As each year passes, memories fade and those who participated in the events of the past are superseded by new generations. There are still plenty of people around who witnessed the shipping boom of the early 21st century, likewise there are plenty of relative newcomers who have only experienced the relatively mediocre markets of the past decade. Two terms which were widely used 15 or so years ago and which now appear to be making a comeback were ‘supercycle’ and ‘new paradigm’.
There is no denying that what we saw in the early noughties was like nothing seen since the original industrial revolution of the 19th century, as China stepped up as a manufacturing powerhouse, but that new paradigm didn’t last for long.
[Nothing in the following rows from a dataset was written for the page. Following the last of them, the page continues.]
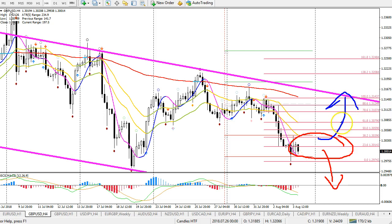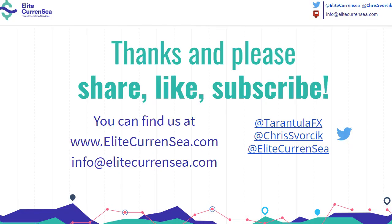That's it for now. If you want to check out more free analysis, please go to EliteCurrency.com where we have our blog and multiple updates per day that you can check out. Wishing you all good trading above all. Cheers.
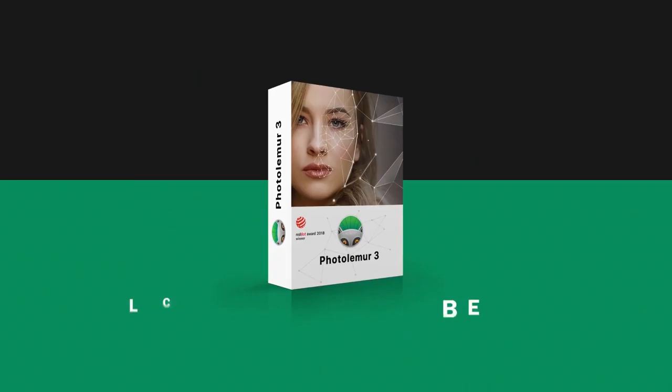Click the button below to get instant access to PhotoLemur with our exclusive limited-time launch discount.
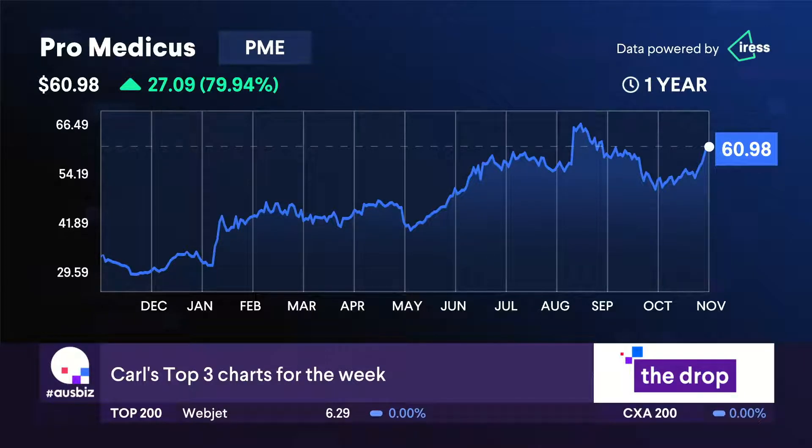You'll catch the ThinkMarkets website or catch me on Twitter if you want to find out the rest of those. But Pro Medicus, ticker code PME, is my favourite chart in the large caps. It looks great — earnings momentum is supporting this chart, and a very attractive valuation. Our fair value target for this one is over $75, so I think there's plenty in it.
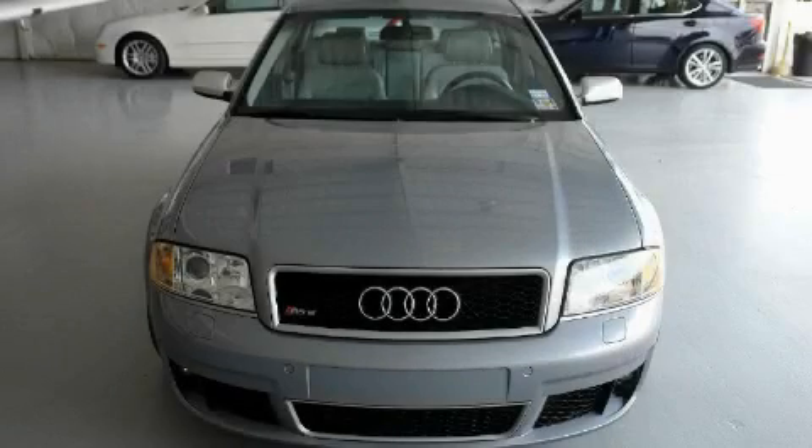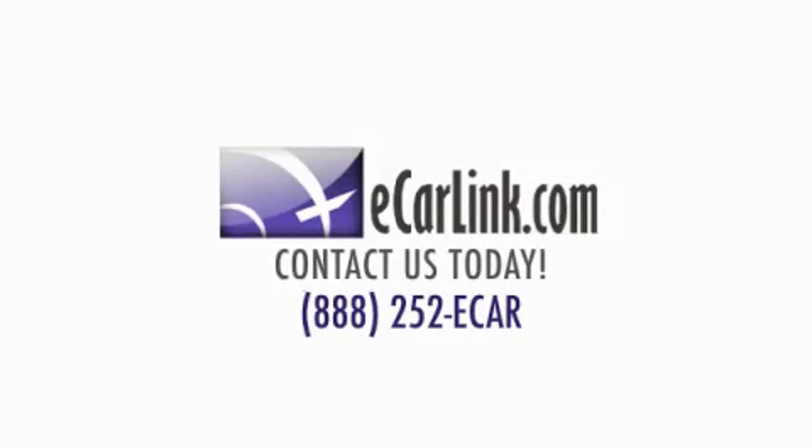Contact us today to arrange your test drive. Thank you.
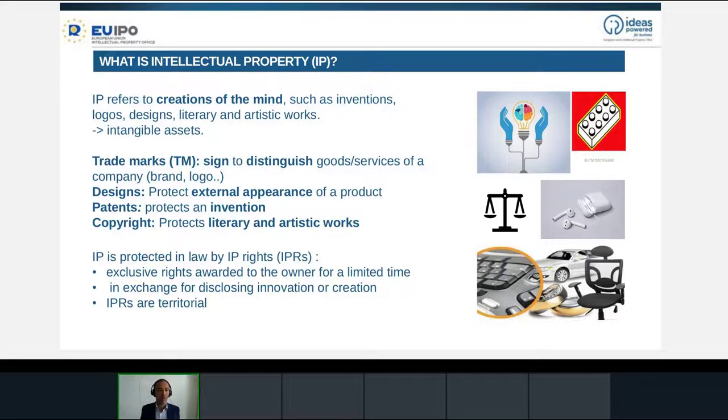Just think about your mobile phone. The phone will have a brand and a logo. The shape of the phone will be protected as a design. Even some icons on the interface can be protected as design. It also has quite an extensive number of patents protecting inventions incorporated into the phone — the tactile touch screen, the batteries, for instance. So intellectual property is quite wide. You have all these different tools that allow you to protect all your creations.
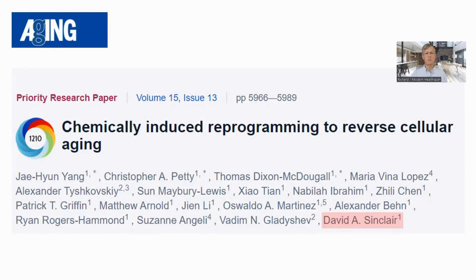Hello everyone, this is Richard from Modern Healthspan. This latest paper from Dr. David Sinclair, 'Chemically Induced Reprogramming to Reverse Cellular Aging,' has garnered some interest in the aging community, so I thought that I would go through it today.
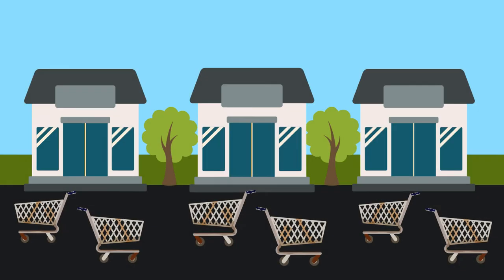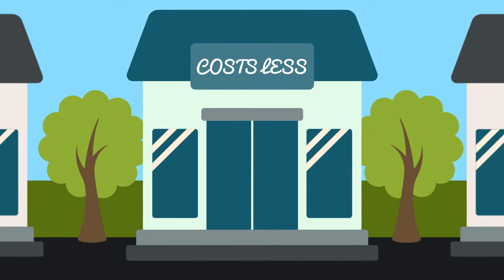Looking for a product that helps differentiate your store, lowers operating costs, has proven benefits to your customers, and even helps the environment? Look no further. The Bemis All Plastic Shopping Cart has arrived.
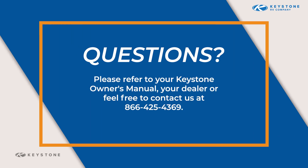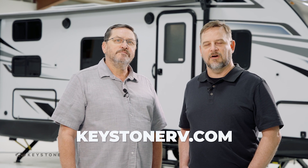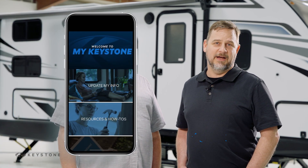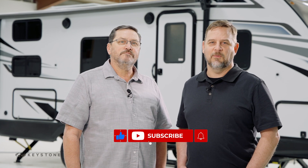For further questions regarding fuses, breakers, and electrical power, please refer to your Keystone owner's manual, your dealer, or feel free to contact us at 866-425-4369. For more videos about operating, maintaining, and repairing your RV, you can visit the owner's section of KeystoneRV.com, download the My Keystone mobile app, and subscribe to our YouTube channel. Thanks for watching.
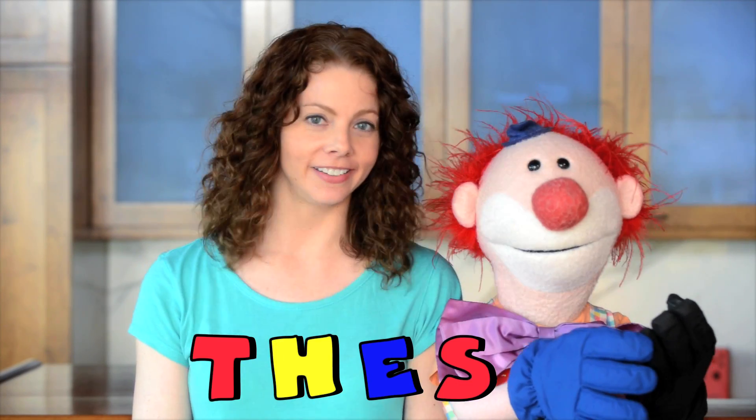Of course, Mr. Clown. Rachel, the word of the day is "these." Yes. You want to spell it right now? Okay. T-H-E-S-E.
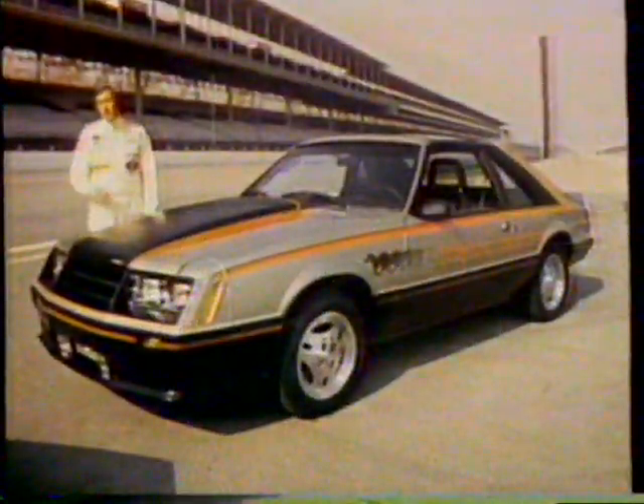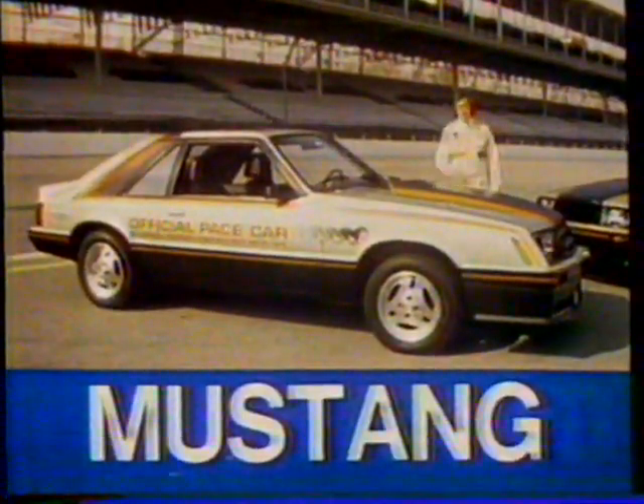Precise handling, flat cornering, and an excellent driving position. I'll be driving this specially modified Mustang to pace the Indy 500, and you can buy this beautiful limited edition version of the Indy Mustang at your local Ford dealer.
The complaints from investment banks that they were unable to hire top graduates because they all wanted to be shipbrokers was short-lived, likewise the shipping supercycle where people joked about carrying iron ore as hand luggage came to a juddering halt with the onset of the global financial crisis.
Where shipping has to be cautious is in the dwindling shipments of the second largest seaborne dry bulk commodity, coal
Talk of a new ‘commodities supercycle’ has been the dominant feature in many market reports in the week immediately after Chinese New Year and whilst the main chatter has been around increased commodity prices, freight rates have been swept up in the euphoria. Market reports talking of a “tremendous recovery” seen in the cape market and memories of 2008 being recalled, all seemed a bit over the top compared to the reality of the situation. Yes, things are a lot better than they were a year ago and the cautious optimism for this year is based on some solid fundamentals, but let’s hope some perspective is maintained.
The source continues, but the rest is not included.